The printing mechanism is a first female die printing seat 28 which is used for coating adhesive with colors on one side of an antenna layer to be processed or one side of a first substrate layer which is not adhered with the antenna layer according to the shape of the antenna body and synchronously printing a first positioning mark 36 near a bonding block 38 coated according to the shape of the antenna body, the vicinity of the bonding block 38 means that the first positioning mark 36 is arranged at a specified distance around or on two sides of the outermost edge of the bonding block 38, the first positioning mark 36 in the embodiment 1 is arranged on two sides of the outermost edge of the bonding block 38, referring to fig. 4, the first positioning mark 36 can provide a positioning basis for the antenna hole processing mechanism 4, the fourth male die printing seat 31, the first module mechanism 27 and the second module mechanism 10 in the processing processes of the subsequent antenna hole processing mechanism 4, the fourth male die printing seat 31, the first module mechanism 27 and the second module mechanism 10, the accuracy of the antenna hole machining mechanism 4, the accuracy of the fourth male die printing seat 31, the accuracy of the first module mechanism 27 and the accuracy of the second module mechanism 10 are improved, and the product quality is improved, for example, the outer contour of a specific tag antenna on an antenna layer is positioned through the first positioning mark 36, which is also called die-set positioning.

At this time, the first positioning mark 36 may be printed by ink, preferably UV ink, and the adhesive coated into the adhesive block may be added with color (ink or pigment powder, such as red or black, etc.), so that the printing of the first positioning mark 36 and the coating of the adhesive block 38 may be simultaneously completed by the first female die printing seat 28 at one time, that is, the printing of the tag antenna pattern and the positioning point (color register position, i.e., the first positioning mark) beside the tag antenna pattern are realized, and the positioning point (color register position) is used for the subsequent antenna hole processing mechanism 4, the fourth male die printing seat 31, the first die cutting mechanism 27, and the second die cutting mechanism 10, so as to improve the accuracy of the subsequent antenna hole processing, the chip binding point processing, and the chip binding positioning point processing.

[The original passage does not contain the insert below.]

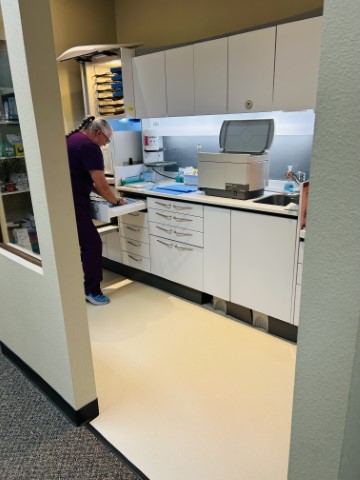 Dental assistant Melinda working in the sterilization lab at Cooksey Dental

The groove portions of the first female die printing base 28 are used for installing the adhesive, the shape of the groove portions is matched with the shape of the antenna body, namely, the shape of each groove portion is the shape of the antenna body to be cut, the adhesive is printed according to the shape, a plurality of groove portions can be arranged simultaneously, female die printing of a plurality of bonding blocks 38 is achieved, and the adhesive is convenient and saved.

Referring to fig. 5, an output port of the first unwinding mechanism 1 corresponds to an input port of the first female die printing seat 28, an output port of the first female die printing seat 28 corresponds to an input port of the drying mechanism 3, an output port of the drying mechanism 3 corresponds to an input port of the second deviation correcting device 25, an output port of the second deviation correcting device 25 corresponds to an input port of the first traction device 23, an output port of the first traction device 23 corresponds to an input port of the antenna hole machining mechanism 4, an output port of the antenna hole machining mechanism 4 corresponds to an input port of the combining mechanism 6, an output port of the second unwinding mechanism 7 corresponds to an input port of the combining mechanism 6, an output port of the combining mechanism 6 corresponds to an input port of the first die-cutting mechanism 27, an output port of the first die-cutting mechanism 27 corresponds to an input port of the second die-cutting mechanism 10, and an output port of the second die-cutting mechanism 10 corresponds to, meanwhile, the output port of the third unwinding mechanism 12 also corresponds to the input port of the second traction device 24, and the output port of the second traction device 24 corresponds to the input port of the finished product winding mechanism 13; in addition, the positions of the first die-cutting mechanism 27 and the second die-cutting mechanism 10 can be interchanged, the corresponding part connection modes are correspondingly adjusted, and the sequence of the working procedures of the first die-cutting mechanism 27 and the second die-cutting mechanism 10 is also interchanged, so that the production of products is not influenced, and the processing effects are the same.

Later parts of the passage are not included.